During the conversation she said she was busy gathering blankets and slippers that her husband had requested, not for himself but for other inmates who were cold and needed supplies allowed by the jail authorities. “People use the English word ‘activist’ for him but to tell you the truth, this is who he is,” she said. “Even before we were married, people tell me of his social work as a student in his native Gonda.”
At Darapuri’s home, his son Ved Kumar, while sharing Malika Bi’s anxiety, expressed a palpable disbelief that his father had been arrested by the very police that he had served, that had often consulted him in the past on how to better work with the people. The family is worried about his health as Darapuri is undergoing treatment for cancer.

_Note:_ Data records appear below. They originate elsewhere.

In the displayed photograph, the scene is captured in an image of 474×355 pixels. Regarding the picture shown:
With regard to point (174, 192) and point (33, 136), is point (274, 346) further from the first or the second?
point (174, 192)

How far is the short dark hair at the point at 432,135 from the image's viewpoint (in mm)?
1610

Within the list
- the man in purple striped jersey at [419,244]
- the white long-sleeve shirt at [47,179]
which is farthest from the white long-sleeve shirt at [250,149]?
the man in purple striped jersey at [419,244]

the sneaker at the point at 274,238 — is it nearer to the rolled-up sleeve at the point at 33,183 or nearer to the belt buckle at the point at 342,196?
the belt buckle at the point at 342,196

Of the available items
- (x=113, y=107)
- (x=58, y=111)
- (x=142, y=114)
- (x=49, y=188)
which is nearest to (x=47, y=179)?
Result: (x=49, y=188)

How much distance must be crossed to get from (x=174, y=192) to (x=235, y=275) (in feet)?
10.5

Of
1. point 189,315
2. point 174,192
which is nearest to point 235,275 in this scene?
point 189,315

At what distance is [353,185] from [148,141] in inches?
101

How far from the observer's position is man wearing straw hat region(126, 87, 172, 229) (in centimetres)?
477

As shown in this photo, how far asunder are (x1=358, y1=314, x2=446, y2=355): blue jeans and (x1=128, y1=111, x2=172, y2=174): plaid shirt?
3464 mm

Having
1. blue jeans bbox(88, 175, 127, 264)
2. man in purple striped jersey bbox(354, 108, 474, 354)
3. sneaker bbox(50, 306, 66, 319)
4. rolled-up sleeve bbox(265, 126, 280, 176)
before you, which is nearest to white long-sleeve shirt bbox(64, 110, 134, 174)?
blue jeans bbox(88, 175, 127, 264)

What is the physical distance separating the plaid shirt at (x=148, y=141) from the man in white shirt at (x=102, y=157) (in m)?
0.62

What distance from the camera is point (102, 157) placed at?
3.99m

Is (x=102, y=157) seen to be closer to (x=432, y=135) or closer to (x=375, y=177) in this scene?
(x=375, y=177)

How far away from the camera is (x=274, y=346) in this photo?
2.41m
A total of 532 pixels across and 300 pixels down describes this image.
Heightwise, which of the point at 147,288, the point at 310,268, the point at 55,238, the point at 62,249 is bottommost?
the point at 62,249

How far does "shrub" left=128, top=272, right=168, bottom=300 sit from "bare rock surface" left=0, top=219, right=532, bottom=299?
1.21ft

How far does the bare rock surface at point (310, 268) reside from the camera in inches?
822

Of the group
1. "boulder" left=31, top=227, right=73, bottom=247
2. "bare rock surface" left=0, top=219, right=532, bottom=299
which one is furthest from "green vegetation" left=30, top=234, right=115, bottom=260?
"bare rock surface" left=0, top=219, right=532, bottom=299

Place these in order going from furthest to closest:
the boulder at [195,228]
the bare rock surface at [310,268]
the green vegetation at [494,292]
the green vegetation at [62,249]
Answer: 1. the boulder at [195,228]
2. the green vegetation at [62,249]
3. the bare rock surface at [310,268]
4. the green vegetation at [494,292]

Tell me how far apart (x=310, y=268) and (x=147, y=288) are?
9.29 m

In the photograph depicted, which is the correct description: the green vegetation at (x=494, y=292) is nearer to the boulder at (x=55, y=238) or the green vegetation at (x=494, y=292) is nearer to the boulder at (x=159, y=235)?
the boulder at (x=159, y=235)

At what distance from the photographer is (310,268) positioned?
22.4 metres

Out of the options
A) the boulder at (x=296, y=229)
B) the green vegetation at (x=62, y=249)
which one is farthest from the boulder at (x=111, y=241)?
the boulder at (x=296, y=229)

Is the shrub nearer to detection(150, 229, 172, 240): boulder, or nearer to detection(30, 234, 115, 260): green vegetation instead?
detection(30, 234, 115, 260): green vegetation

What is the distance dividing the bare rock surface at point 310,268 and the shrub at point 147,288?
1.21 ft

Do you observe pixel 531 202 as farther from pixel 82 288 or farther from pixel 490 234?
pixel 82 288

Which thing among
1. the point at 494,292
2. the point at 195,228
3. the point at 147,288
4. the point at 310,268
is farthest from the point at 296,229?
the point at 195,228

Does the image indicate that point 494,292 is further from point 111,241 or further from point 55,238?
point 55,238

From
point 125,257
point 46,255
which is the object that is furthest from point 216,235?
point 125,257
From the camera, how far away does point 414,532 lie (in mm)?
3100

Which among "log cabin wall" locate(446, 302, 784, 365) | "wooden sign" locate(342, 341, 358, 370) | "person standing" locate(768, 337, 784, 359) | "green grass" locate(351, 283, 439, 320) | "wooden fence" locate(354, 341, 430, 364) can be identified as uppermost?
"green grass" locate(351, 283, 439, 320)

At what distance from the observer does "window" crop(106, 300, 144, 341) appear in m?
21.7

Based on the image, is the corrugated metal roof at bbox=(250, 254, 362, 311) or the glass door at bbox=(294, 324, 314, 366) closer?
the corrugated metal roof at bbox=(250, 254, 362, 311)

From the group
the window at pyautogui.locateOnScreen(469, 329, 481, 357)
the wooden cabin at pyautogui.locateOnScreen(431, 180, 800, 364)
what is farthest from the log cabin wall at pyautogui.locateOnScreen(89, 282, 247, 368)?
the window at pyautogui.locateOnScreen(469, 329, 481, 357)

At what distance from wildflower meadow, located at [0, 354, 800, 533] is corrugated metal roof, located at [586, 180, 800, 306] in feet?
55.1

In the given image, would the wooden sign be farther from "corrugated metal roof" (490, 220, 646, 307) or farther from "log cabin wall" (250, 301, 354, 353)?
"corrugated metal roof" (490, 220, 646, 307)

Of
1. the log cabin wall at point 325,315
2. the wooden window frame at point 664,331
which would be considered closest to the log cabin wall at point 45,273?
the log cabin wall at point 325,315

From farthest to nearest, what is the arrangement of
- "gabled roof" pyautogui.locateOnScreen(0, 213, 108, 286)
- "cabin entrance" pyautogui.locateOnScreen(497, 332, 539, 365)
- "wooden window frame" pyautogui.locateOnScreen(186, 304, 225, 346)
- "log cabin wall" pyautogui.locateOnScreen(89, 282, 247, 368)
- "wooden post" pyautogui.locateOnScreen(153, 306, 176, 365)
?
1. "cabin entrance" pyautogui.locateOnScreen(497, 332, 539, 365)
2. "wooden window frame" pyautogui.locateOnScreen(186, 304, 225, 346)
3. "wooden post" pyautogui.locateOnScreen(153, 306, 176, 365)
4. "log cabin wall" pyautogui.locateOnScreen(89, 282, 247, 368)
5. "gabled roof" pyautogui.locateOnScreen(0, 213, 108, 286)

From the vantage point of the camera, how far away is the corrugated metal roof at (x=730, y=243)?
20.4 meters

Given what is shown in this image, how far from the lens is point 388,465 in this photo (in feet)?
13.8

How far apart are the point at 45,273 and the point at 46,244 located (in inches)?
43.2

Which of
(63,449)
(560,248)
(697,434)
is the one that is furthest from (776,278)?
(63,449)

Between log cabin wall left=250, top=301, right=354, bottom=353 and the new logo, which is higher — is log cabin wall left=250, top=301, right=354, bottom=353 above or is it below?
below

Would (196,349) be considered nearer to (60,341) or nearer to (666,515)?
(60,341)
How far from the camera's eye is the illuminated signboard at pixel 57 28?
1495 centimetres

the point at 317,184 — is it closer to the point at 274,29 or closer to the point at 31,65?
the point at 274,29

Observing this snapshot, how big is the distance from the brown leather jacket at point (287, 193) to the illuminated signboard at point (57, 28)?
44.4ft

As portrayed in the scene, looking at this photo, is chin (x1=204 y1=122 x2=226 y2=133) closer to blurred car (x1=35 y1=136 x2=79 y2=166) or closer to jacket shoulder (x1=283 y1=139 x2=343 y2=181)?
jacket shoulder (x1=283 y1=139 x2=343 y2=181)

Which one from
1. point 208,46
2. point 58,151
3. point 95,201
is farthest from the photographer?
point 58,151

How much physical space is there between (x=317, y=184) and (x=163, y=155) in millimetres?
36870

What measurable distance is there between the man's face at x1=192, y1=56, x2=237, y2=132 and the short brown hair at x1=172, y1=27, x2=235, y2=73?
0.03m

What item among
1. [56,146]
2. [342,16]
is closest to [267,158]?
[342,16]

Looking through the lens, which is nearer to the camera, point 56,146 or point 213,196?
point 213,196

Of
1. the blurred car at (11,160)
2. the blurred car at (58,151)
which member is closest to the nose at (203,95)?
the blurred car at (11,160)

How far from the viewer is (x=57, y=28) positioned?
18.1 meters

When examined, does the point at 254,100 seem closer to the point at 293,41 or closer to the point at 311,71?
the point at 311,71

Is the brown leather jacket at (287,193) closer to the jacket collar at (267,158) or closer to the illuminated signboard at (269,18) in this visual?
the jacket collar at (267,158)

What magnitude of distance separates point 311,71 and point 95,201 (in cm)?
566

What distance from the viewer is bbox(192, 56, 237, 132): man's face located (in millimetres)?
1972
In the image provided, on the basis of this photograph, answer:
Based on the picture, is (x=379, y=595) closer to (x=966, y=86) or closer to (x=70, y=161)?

“There was no question of my father being involved in anything violent,” said Kumar. “As a police officer and a staunch Ambedkarite, he strictly believes in both the letter of the law and the Constitution.”

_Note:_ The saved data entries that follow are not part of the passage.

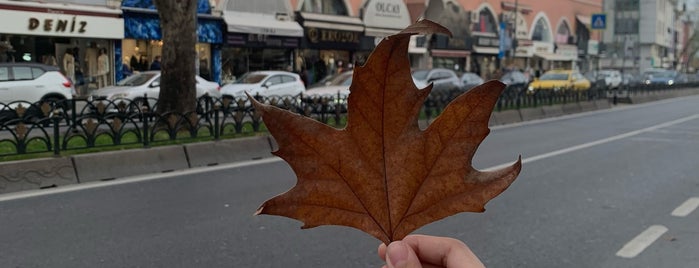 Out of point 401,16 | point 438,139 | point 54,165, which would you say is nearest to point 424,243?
point 438,139

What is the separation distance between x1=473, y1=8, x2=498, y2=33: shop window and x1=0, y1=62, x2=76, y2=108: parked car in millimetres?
32811

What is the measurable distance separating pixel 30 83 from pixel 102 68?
7802 millimetres

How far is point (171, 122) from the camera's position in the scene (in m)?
10.9

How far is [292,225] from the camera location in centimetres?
666

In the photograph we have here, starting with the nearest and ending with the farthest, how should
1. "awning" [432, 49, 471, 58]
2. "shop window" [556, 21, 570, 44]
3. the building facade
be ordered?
"awning" [432, 49, 471, 58] < "shop window" [556, 21, 570, 44] < the building facade

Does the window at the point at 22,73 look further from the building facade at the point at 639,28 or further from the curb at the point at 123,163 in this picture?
the building facade at the point at 639,28

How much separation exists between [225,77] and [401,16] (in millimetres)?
11935

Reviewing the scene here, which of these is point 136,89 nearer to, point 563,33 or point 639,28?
point 563,33

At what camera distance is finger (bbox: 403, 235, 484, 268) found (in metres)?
1.40

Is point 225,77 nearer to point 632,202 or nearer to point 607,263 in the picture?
point 632,202

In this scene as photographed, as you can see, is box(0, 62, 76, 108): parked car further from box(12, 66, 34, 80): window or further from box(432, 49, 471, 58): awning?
box(432, 49, 471, 58): awning

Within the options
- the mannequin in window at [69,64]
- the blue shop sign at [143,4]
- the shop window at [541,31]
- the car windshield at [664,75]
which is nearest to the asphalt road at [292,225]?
the mannequin in window at [69,64]

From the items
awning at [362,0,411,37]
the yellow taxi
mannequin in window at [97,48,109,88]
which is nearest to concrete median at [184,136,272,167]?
mannequin in window at [97,48,109,88]

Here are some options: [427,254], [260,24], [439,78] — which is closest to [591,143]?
[439,78] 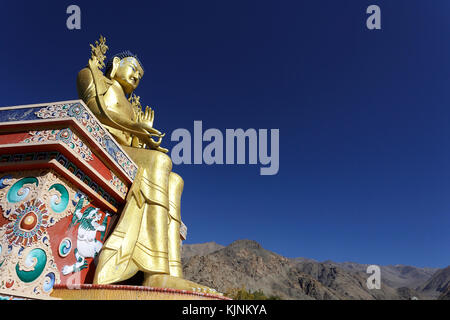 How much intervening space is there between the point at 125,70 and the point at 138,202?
3.47m

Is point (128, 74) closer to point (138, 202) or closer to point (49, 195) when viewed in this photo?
point (138, 202)

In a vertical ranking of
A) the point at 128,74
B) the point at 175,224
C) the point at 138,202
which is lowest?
the point at 175,224

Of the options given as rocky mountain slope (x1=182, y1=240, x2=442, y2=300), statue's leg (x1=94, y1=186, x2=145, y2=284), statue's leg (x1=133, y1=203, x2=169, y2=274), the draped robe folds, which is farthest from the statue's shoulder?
rocky mountain slope (x1=182, y1=240, x2=442, y2=300)

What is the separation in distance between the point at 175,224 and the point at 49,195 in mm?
2342

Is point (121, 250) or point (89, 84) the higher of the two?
point (89, 84)

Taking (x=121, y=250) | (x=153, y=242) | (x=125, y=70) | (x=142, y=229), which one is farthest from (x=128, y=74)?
(x=121, y=250)

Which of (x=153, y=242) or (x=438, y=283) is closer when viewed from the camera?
(x=153, y=242)

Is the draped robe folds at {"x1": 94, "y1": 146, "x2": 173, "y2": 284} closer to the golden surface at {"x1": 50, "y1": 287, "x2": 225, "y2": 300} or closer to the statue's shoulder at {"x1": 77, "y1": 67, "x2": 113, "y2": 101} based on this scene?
the golden surface at {"x1": 50, "y1": 287, "x2": 225, "y2": 300}

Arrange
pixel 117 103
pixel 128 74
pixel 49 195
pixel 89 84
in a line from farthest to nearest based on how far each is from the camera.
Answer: pixel 128 74
pixel 117 103
pixel 89 84
pixel 49 195

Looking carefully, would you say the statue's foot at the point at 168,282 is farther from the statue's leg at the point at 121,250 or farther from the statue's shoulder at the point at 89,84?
the statue's shoulder at the point at 89,84

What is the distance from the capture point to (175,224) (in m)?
5.62

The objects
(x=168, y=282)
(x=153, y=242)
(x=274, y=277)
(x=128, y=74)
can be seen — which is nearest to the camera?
(x=168, y=282) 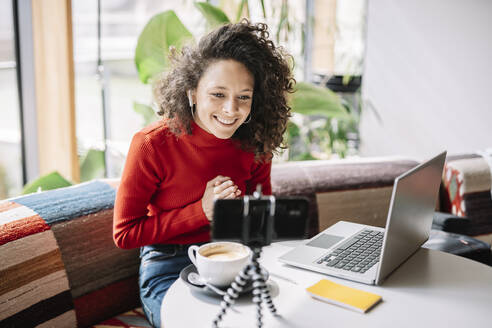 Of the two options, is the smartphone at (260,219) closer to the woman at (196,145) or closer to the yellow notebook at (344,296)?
the yellow notebook at (344,296)

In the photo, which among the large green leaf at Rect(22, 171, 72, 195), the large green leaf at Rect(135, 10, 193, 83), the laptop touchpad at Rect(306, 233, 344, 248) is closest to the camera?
the laptop touchpad at Rect(306, 233, 344, 248)

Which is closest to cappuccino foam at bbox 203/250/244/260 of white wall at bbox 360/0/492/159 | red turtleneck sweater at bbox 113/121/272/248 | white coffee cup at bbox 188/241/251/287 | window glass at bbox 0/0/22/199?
white coffee cup at bbox 188/241/251/287

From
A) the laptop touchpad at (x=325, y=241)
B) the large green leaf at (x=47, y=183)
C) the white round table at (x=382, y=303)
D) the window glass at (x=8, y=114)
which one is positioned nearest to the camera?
the white round table at (x=382, y=303)

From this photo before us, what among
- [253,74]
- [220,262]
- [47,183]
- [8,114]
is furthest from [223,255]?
[8,114]

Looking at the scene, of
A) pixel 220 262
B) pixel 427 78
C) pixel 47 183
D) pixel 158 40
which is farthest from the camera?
pixel 427 78

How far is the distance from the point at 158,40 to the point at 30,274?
3.98ft

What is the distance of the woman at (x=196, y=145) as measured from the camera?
131 cm

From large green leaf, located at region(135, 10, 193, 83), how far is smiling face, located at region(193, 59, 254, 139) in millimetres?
864

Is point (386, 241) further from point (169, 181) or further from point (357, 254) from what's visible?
point (169, 181)

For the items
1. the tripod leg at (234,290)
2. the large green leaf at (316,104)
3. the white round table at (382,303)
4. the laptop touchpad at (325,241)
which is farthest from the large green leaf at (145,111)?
the tripod leg at (234,290)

Originally from Jalandhar, Darapuri is an IPS officer from the 1972 batch. He officer began his career with a posting in Saharanpur and settled in Lucknow after his retirement.
Darapuri has agitated for better working conditions for the police and even participated in a peaceful protest to demand the implementation of the mritak ashrit scheme under which the government gives employment to family members of policemen who have been killed in the line of duty. “I’m not saying he is innocent just because he is in the police but because he is and has only ever believed in abiding by the law,” said his son.

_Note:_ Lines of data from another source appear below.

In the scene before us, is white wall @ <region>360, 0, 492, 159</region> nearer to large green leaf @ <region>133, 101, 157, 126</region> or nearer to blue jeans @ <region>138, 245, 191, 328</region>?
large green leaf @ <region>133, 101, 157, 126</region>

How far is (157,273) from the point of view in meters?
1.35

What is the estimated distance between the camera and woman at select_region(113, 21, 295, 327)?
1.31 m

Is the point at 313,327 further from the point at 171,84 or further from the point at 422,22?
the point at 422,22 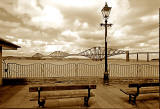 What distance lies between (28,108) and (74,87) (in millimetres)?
1858

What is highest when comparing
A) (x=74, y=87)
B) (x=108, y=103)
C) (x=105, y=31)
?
(x=105, y=31)

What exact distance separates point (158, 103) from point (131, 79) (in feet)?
12.3

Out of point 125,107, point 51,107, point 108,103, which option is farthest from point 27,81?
point 125,107

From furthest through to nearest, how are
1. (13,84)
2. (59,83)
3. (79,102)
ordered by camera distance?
1. (59,83)
2. (13,84)
3. (79,102)

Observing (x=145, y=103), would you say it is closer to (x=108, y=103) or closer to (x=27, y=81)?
(x=108, y=103)

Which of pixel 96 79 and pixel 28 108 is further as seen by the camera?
pixel 96 79

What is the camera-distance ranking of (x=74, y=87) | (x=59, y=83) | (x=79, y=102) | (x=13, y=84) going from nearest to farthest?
(x=74, y=87)
(x=79, y=102)
(x=13, y=84)
(x=59, y=83)

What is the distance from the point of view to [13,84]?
6875mm

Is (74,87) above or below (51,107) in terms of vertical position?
above

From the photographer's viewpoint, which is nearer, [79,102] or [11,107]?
[11,107]

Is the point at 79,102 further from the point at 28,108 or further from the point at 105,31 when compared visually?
the point at 105,31

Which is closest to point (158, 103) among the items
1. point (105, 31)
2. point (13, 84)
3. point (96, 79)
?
point (96, 79)

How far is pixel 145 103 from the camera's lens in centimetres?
425

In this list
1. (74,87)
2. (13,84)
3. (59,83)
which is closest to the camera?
(74,87) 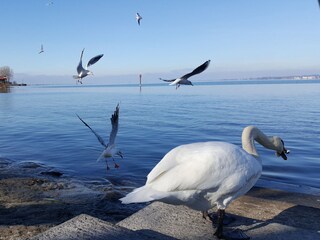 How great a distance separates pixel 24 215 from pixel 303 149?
9.59m

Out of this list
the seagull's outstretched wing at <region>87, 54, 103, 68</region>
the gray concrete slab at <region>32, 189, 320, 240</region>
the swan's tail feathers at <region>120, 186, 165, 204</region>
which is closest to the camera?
the gray concrete slab at <region>32, 189, 320, 240</region>

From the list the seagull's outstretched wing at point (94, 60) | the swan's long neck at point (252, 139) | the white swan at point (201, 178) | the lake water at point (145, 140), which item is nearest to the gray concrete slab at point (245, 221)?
the white swan at point (201, 178)

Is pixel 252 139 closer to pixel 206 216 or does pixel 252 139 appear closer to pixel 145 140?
pixel 206 216

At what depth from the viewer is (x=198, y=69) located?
645 cm

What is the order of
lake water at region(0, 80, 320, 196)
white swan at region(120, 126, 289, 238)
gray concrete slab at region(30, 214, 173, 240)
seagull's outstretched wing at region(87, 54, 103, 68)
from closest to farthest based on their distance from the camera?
gray concrete slab at region(30, 214, 173, 240), white swan at region(120, 126, 289, 238), seagull's outstretched wing at region(87, 54, 103, 68), lake water at region(0, 80, 320, 196)

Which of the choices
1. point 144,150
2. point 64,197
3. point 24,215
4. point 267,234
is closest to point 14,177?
point 64,197

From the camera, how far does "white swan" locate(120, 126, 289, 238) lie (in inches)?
161

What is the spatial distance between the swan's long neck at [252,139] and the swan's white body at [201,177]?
0.76 meters

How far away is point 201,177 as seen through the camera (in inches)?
161

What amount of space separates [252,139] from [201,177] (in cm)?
165

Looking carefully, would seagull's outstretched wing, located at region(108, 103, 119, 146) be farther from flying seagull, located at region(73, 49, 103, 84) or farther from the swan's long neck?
the swan's long neck

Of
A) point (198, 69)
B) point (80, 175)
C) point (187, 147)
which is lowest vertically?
point (80, 175)

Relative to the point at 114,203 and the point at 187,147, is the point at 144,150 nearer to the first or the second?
the point at 114,203

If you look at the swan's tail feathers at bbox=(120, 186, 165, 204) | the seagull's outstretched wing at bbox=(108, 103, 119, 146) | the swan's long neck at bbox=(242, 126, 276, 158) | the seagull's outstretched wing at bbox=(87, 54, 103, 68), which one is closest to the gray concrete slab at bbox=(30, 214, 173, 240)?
the swan's tail feathers at bbox=(120, 186, 165, 204) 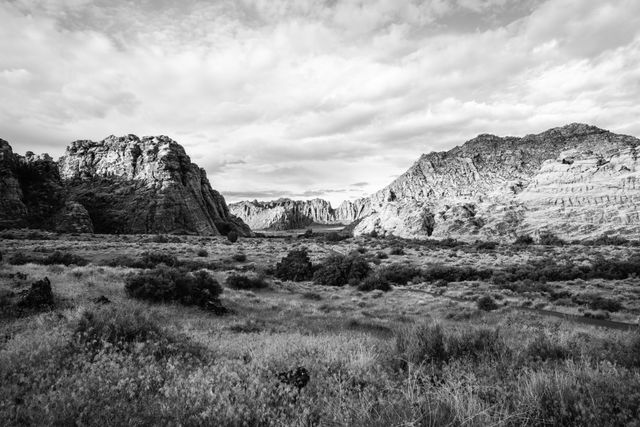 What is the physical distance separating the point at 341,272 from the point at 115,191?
287 feet

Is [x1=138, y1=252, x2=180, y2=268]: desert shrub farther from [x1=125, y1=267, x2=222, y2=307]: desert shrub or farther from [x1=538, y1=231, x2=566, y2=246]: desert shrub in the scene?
[x1=538, y1=231, x2=566, y2=246]: desert shrub

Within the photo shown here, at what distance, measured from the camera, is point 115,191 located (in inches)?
3826

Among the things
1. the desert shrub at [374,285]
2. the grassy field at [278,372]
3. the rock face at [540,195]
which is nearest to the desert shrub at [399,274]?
the desert shrub at [374,285]

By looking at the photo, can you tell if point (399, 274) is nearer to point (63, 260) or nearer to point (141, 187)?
point (63, 260)

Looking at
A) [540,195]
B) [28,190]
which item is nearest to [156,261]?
[28,190]

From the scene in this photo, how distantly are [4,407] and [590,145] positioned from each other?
158 meters

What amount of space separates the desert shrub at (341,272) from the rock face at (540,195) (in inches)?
2278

As a Dalit officer, Darapuri’s achievements made him a role model for many in his community. “Whether it was gender equality, Dalit rights, minimum wages, or a need for a Whistleblower Act, Darapuri ji has always raised his voice for any issue that strengthens democracy,” said Kumar.
Since his retirement in 2003, Darapuri has been part of fact-finding teams looking into almost all the major incidents of violence in the state. Last year, he was part of the group that gave a report on the communal violence in Kasganj, which raised questions about the police’s inability to control a riot-like situation.
“Arresting men like Mohammad Shoaib, SR Darapuri, Robin Verma and other respected activists is simply frightening,” said veteran journalist Sharat Pradhan. “It reveals the unthinkable extent to which the government will go to suppress dissent and throttle democracy.”
Among other prominent civil society members who have been arrested are Deepak Kabir, known for his vibrant work in organising cultural festivals in the city and actress Sadaf Jafar. Their families have alleged that they were badly beaten by the police.
Even some prominent citizens who went to the police station to seek information on the arrests were detained. According to Madhavi Kuckreja, a social entrepreneur and activist, “We had gone to get information on Deepak, Sadaf and others. Along with me was Arundhati Dhuru, Meera Sanghamitra and SR Darapuri’s son with medicines for his father. Instead of telling us where the men were, why they were arrested, the police detained us.”
Though they were released after two hours, the intention of the act was not lost on anyone. It was clear that consequences would follow for anyone who was vocal in condemning the actions of the police, organising protest rallies or in the chief minister’s words, trying to “shock the state into silence”.
For now, the brunt of this is being borne by the families of those arrested. Ironically, the only time Mohammed Shoaib had been jailed in the past is in the mid-seventies when he protested against the Emergency. He even has a pension card from the government for his battle for fundamental rights.
His wife’s quiet words, as she displayed the pension card, summed up the tragedy that the government is enacting. “For years my husband has gone to jail to meet those he is representing,” said Malki Bi. “Now I go to visit him. In my heart I know he will come back for he is innocent.”